Allan Nairn

From Wikipedia, the free encyclopedia
Jump to: navigation, search
Allan Nairn
Born 1956
Nationality American
Occupation Investigative journalist

Allan Nairn (born 1956) is an award-winning American investigative journalist who became well known when he was imprisoned by Indonesian military forces under United States-backed strongman Suharto while reporting in East Timor. His writings have focused on U.S. foreign policy in such countries as Haiti, Guatemala, Indonesia, and East Timor.

In "A Witness to U.S.-Supported Horror," The Washington Post noted: "As a reporter he has gathered facts in El Salvador, Guatemala, Haiti and other countries where amoral regimes have murdered and suppressed their own people and been rewarded by weapons or the succor of economic aid from Washington. Nairn specializes in human rights stories. As valuable as the annual reports of such organizations as Human Rights Watch or Amnesty International may be, they remain abstract compilations of horrors, not muddy-boot accounts from Third World villages and streets where people chance their lives to practice the simplest of freedoms. Nairn goes further: exposing links between local violence - clubbing Timorese students, death squads in El Salvador, disappearances in Guatemala - to the sanctioning of that violence by successive arms-supplying U.S. administrations."[1]


Nairn was born in Morristown, New Jersey to a Puerto Rican mother. In high school, he got a job with consumer activist Ralph Nader, working for him for six years. His book The Reign of ETS: the Corporation That Makes up Minds, an investigation of the SAT I exam and its creators, the Educational Testing Service, was printed as part of the Ralph Nader report in 1980.

In 1980, Nairn visited Guatemala in the middle of a campaign of assassination against student leaders amidst a chaotic counterinsurgency campaign against Marxist guerrillas active in both urban and rural areas. He interviewed U.S. corporate executives there, who endorsed the death squads, and he decided to further investigate death squad activities in that country and in El Salvador, also in the throes of civil war. Subsequently, Nairn became interested in East Timor and helped found the East Timor Action Network (ETAN), which was instrumental in bringing the independence movement in East Timor to international attention.

On November 12, 1991, covering developments in East Timor, Nairn and fellow journalist Amy Goodman were badly beaten by Indonesian soldiers after they witnessed a mass killing of Timorese demonstrators in what became known as the Santa Cruz Massacre. He was beaten with the butts of M16 rifles and had his skull fractured in the melee.[2][3] Nairn was declared a "threat to national security" and banned from East Timor, but he re-entered several times illegally, and his subsequent reports helped convince the U.S. Congress to cut off military aid to Jakarta in 1993. In a dispatch from East Timor on March 30, 1998, Nairn disclosed the continuing U.S. military training of Indonesian troops implicated in the torture and killing of civilians.

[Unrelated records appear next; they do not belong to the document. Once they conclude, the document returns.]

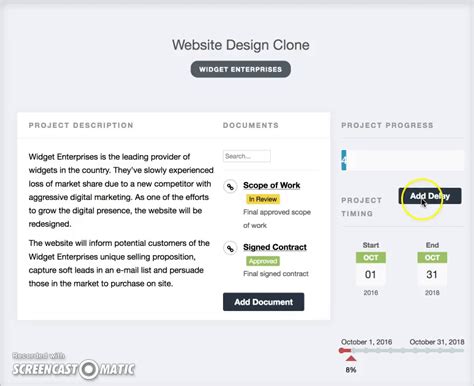 Sample Project Website Design Project Panorama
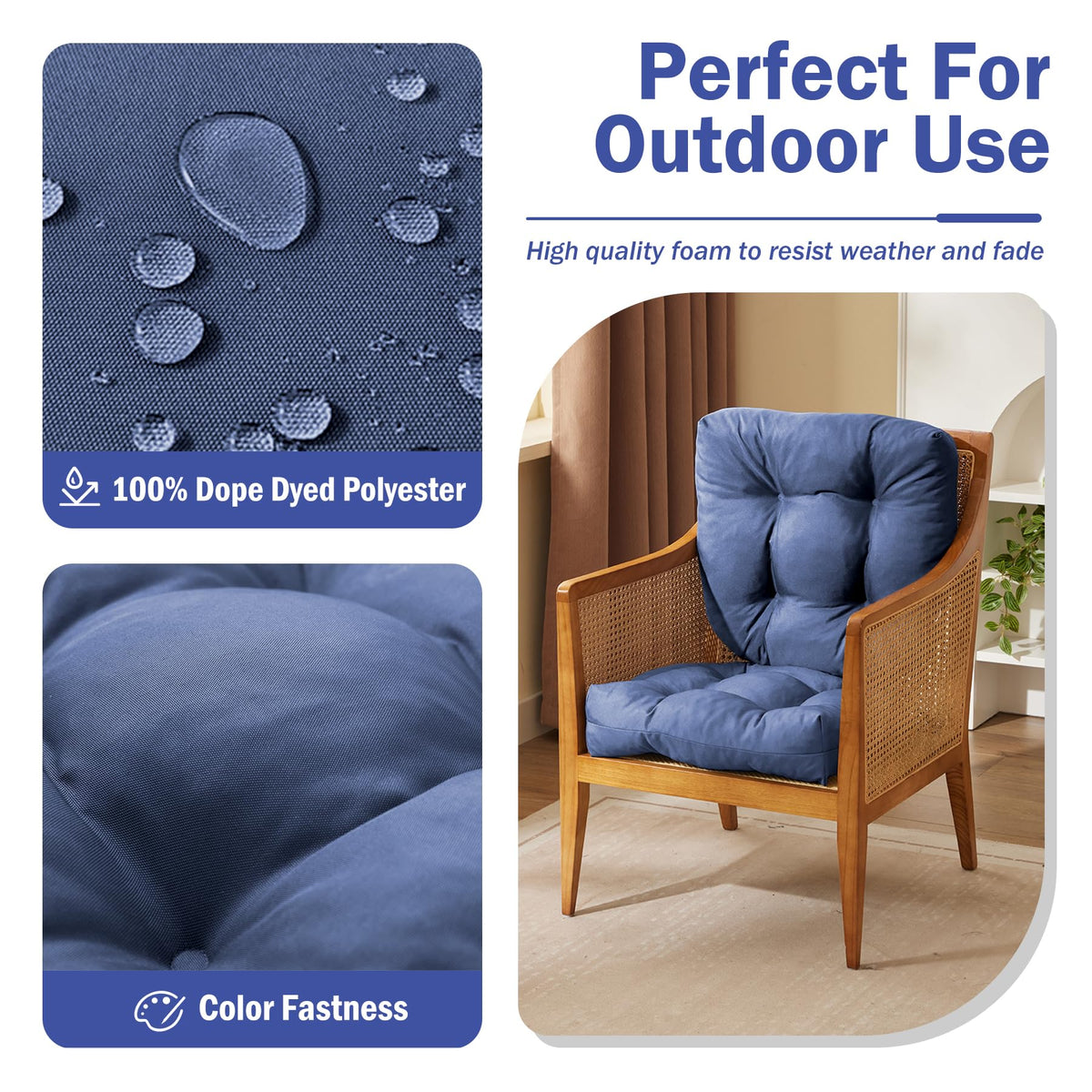 IPYNBAP tufted cushion detail highlights timeless texture and plush support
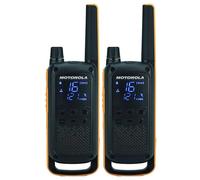 Motorola Talkabout T82 two-way radios 16 canales 446 - 446.2 MHz Negro, Naranja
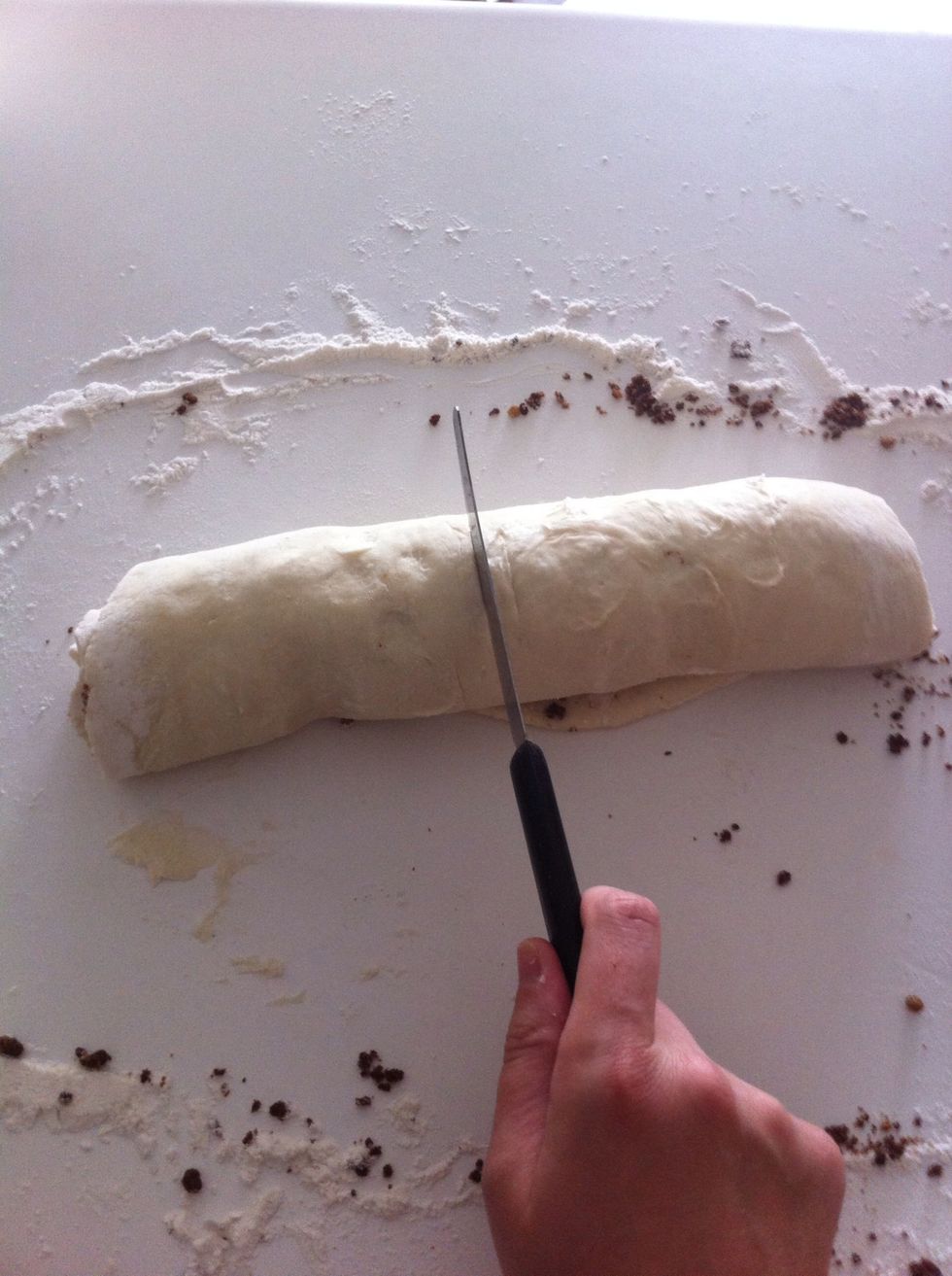 Cut the roll in half \ud83d\udd2a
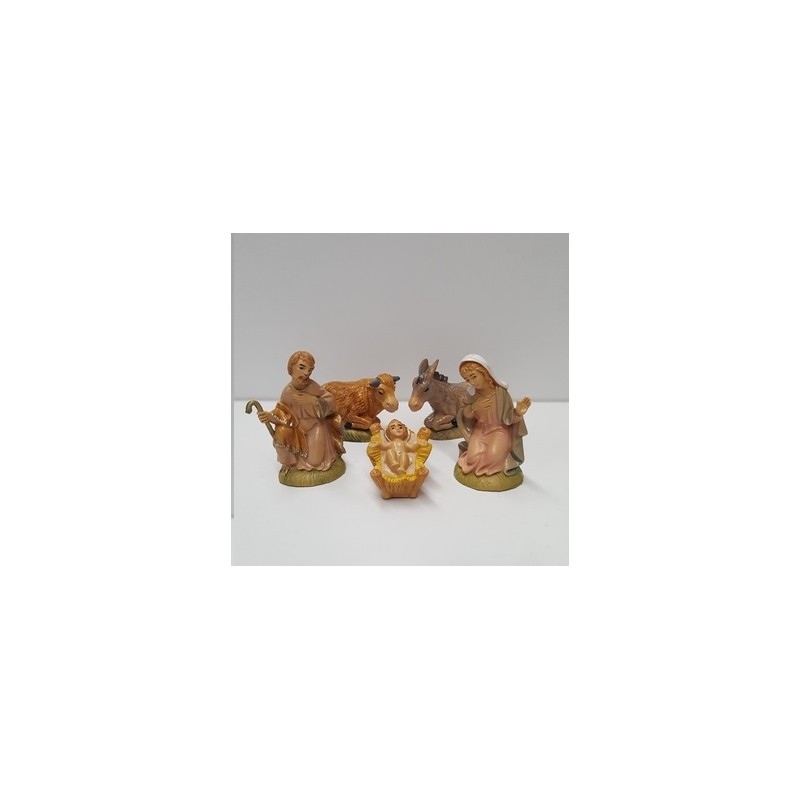 Natività 5 pezzi in pvc cm. 7,5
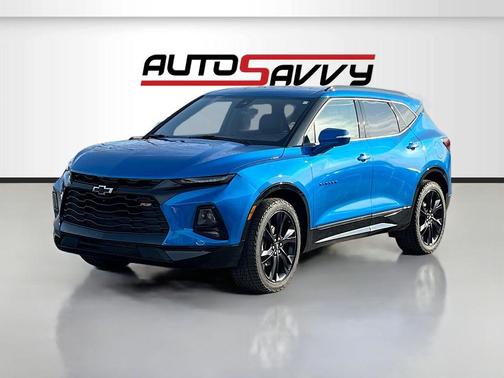 Bright Blue Metallic 2020 Chevrolet Blazer RS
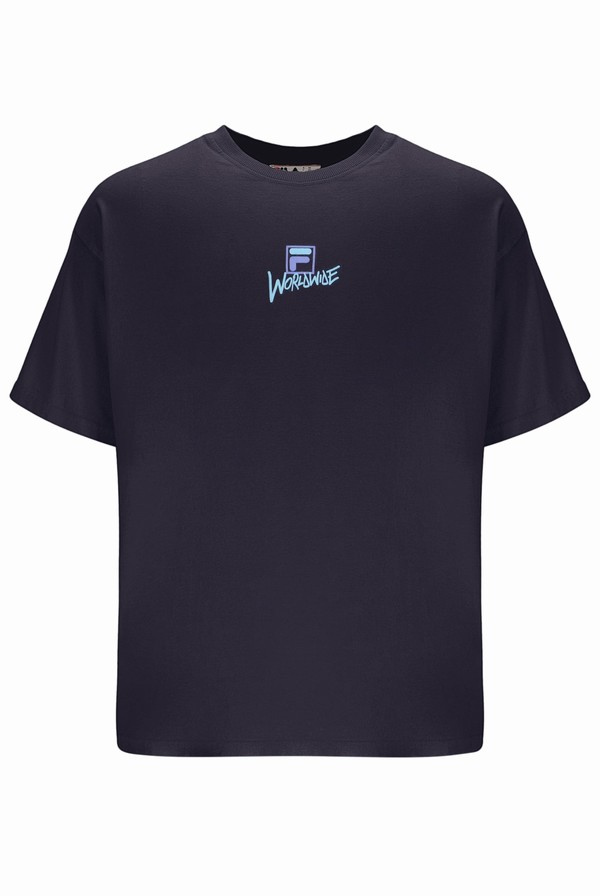 Grey Fila Matt Graphic Men T-shirts | 2367VHCFW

In 1999, Nairn was detained briefly by the Indonesian Army in East Timor, where he had chosen to remain after most other media had evacuated following East Timor's independence referendum.

In an article published in The Nation in 1994, Nairn revealed the U.S. government's role in establishing and funding the Haitian paramilitary, Front for the Advancement and Progress of Haiti (FRAPH) which was involved in human rights abuses.

On March 24, 2010 it was revealed that Nairn could be facing possible detention and criminal charges in Indonesia for revealing Indonesian Military assassinations of civilian activists. An Indonesian Military spokesperson told the Jakarta Globe that the military is considering legal actions against Nairn's publication.[4]

In June 2013, Nairn and numerous other celebrities appeared in a video showing support for Bradley Manning.[5][6]


In 1993, Nairn and Amy Goodman received the Robert F. Kennedy Memorial First Prize for International Radio award for their reporting on East Timor.[7] In 1994, Nairn won the George Polk Award for Journalism for Magazine Reporting.[8] Also in 1994, Nairn received the James Aronson Award for Social Justice Journalism for his writing on Haiti for The Nation magazine.[9]


"The United States has no monopoly on the abuse of power. But since I am an American this is where I have some influence and responsibility."[10]